**WORK REQUEST:** Output exactly the line that includes "found these ..." and all the lines after it through the end of the listing below, and nothing more.

**SUPPLIED INFORMATION:**

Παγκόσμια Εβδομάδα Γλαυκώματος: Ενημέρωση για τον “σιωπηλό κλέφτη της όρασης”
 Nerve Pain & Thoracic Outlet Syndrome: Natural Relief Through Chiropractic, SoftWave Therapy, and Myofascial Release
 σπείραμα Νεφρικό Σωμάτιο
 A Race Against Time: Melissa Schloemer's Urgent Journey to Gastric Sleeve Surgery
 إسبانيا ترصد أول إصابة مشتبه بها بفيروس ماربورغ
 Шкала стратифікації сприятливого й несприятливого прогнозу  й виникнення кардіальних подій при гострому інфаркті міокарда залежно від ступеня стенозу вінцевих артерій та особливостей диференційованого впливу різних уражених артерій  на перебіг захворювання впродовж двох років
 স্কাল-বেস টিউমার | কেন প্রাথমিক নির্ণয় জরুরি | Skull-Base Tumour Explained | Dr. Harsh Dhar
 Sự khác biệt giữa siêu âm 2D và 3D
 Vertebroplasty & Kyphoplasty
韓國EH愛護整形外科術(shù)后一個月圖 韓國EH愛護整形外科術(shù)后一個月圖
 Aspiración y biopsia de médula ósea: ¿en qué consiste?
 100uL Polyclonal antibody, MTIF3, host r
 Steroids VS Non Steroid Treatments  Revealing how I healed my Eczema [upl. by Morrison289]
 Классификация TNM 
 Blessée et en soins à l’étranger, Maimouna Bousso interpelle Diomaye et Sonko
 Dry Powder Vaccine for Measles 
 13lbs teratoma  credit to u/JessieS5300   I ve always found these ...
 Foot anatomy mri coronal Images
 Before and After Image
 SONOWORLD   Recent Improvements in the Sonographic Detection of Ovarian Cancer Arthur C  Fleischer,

**ANSWER SECTION:**
 13lbs teratoma  credit to u/JessieS5300   I ve always found these ...
 Foot anatomy mri coronal Images
 Before and After Image
 SONOWORLD   Recent Improvements in the Sonographic Detection of Ovarian Cancer Arthur C  Fleischer,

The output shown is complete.